◆ WORK TO COMPLETE ◆
Beginning with the line that contains "Jacadi - chemise bleu - 10 ans", transcribe the rest of the listing below exactly, including its last line, and exclude any pictures.

◆ EXERCISE INPUTS ◆
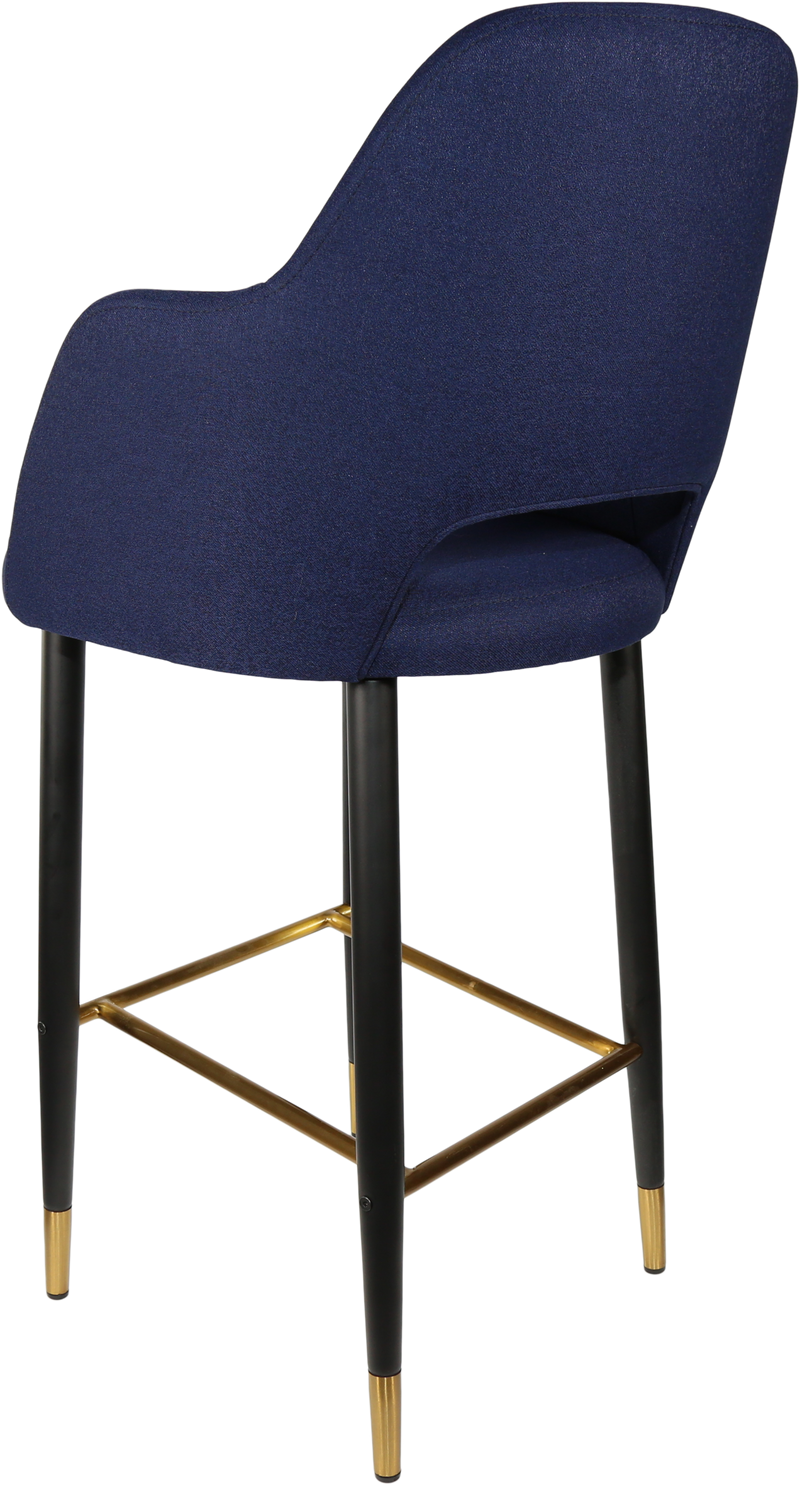 Durafurn Sorbet Stool with Black Metal 750h Legs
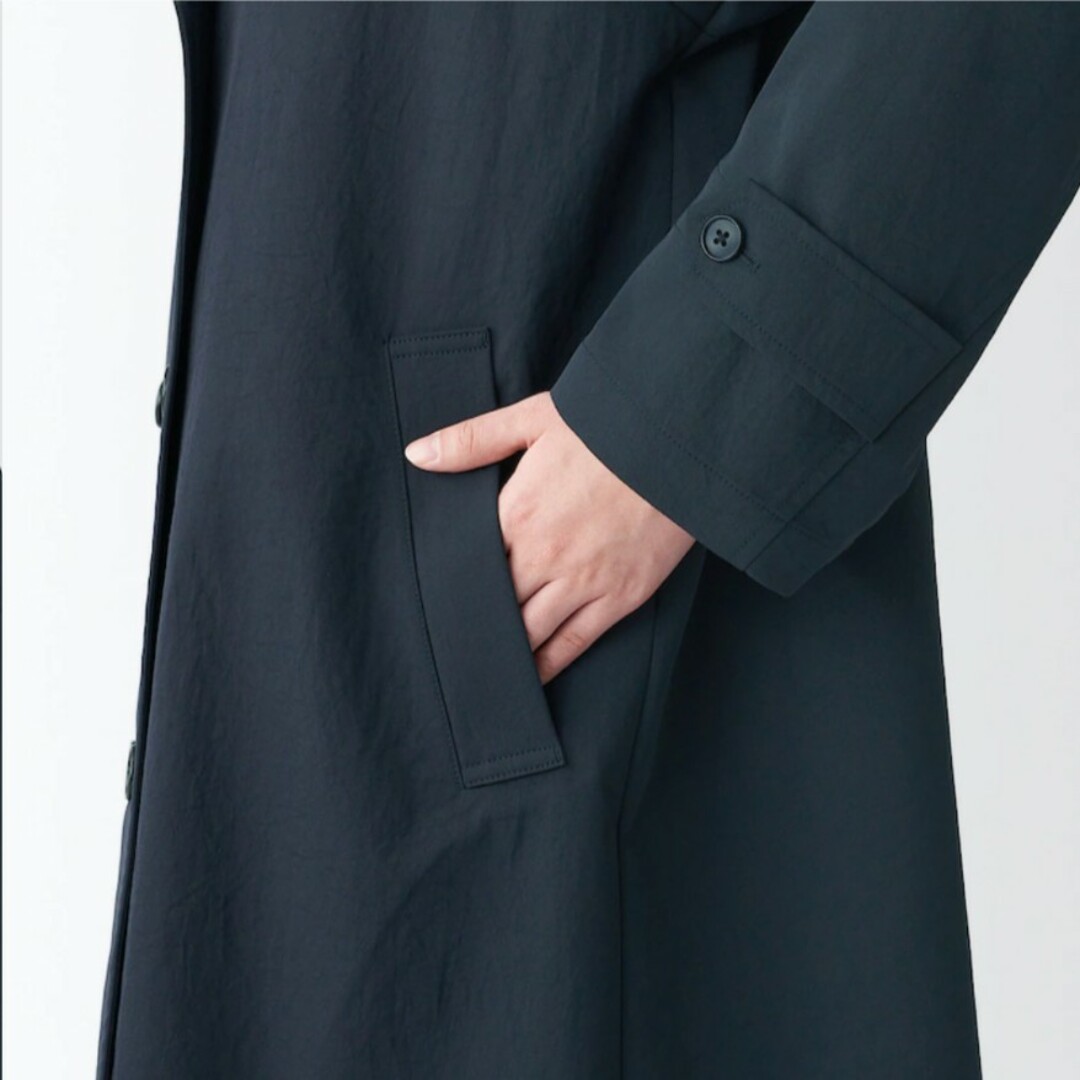 MUJI (無印良品)(ムジルシリョウヒン)の撥水トレンチコート レディースのジャケット/アウター(トレンチコート)の商品写真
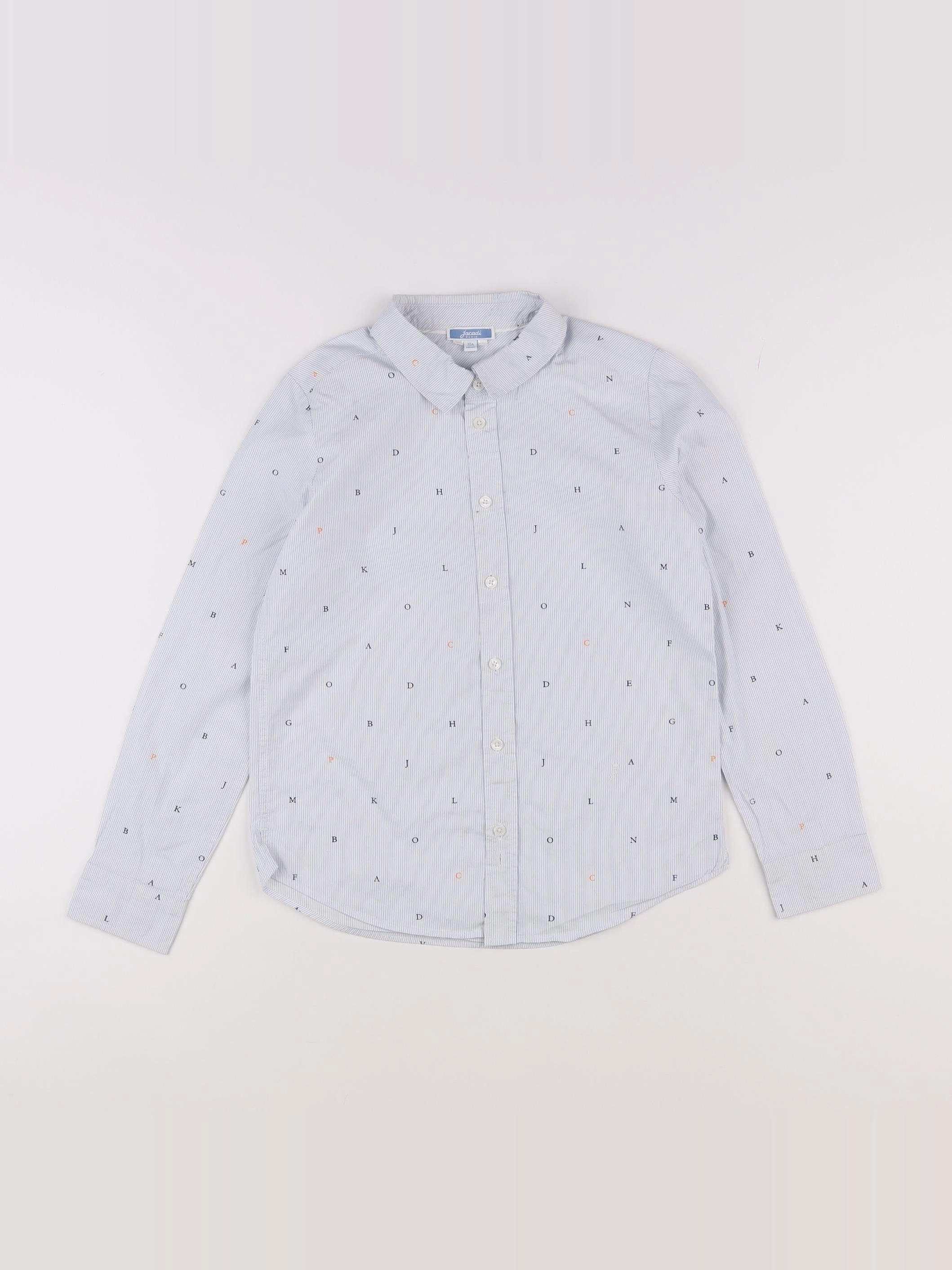 Jacadi - chemise bleu - 10 ans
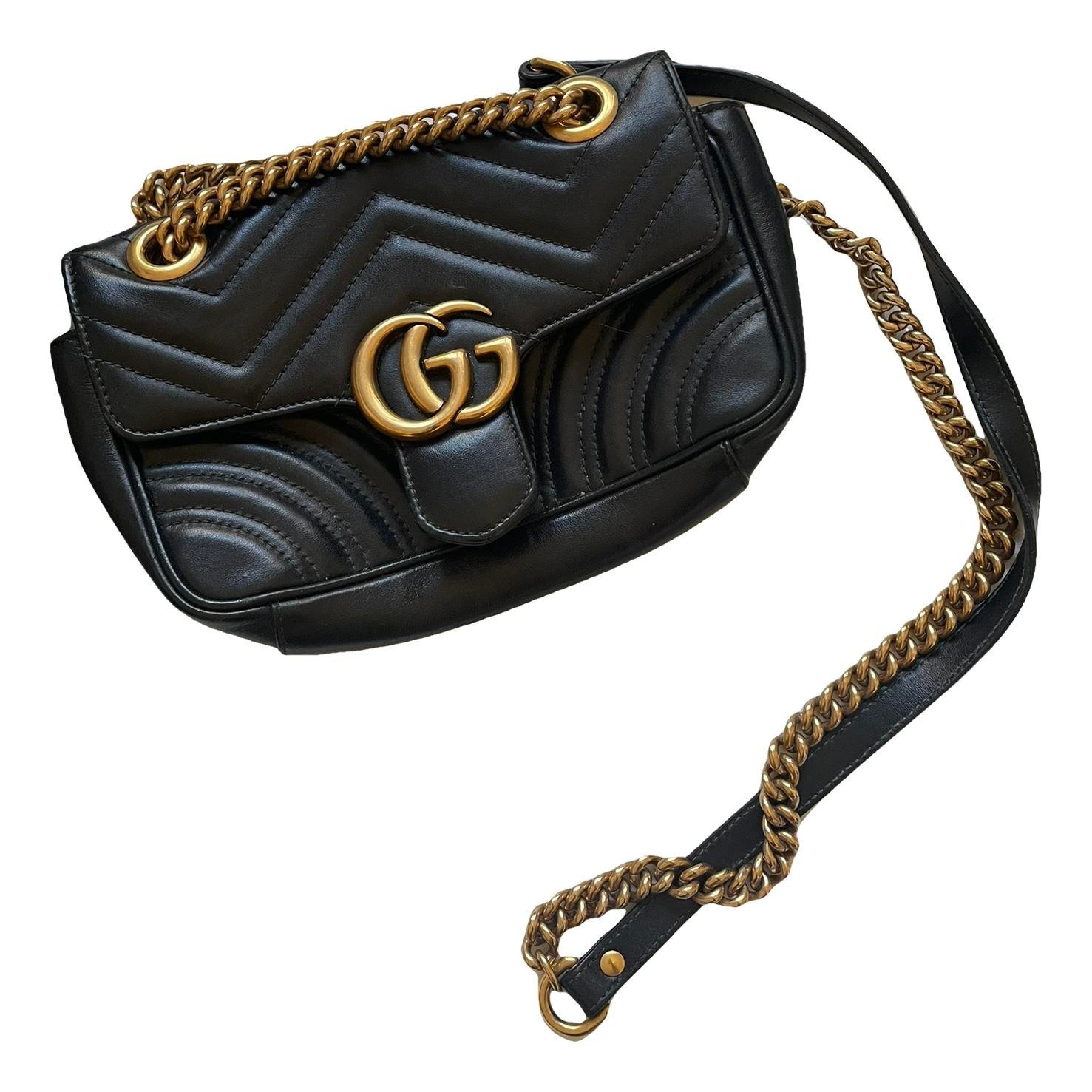 GG Marmont Flap leather crossbody bag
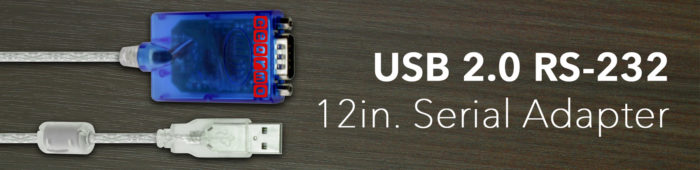 12in USB 2 0 RS 232 Serial Adapter FTDI Chip 920K With Tx Rx LED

◆ OUTPUT OF THE TASK ◆
 Jacadi - chemise bleu - 10 ans
 GG Marmont Flap leather crossbody bag
 12in USB 2 0 RS 232 Serial Adapter FTDI Chip 920K With Tx Rx LED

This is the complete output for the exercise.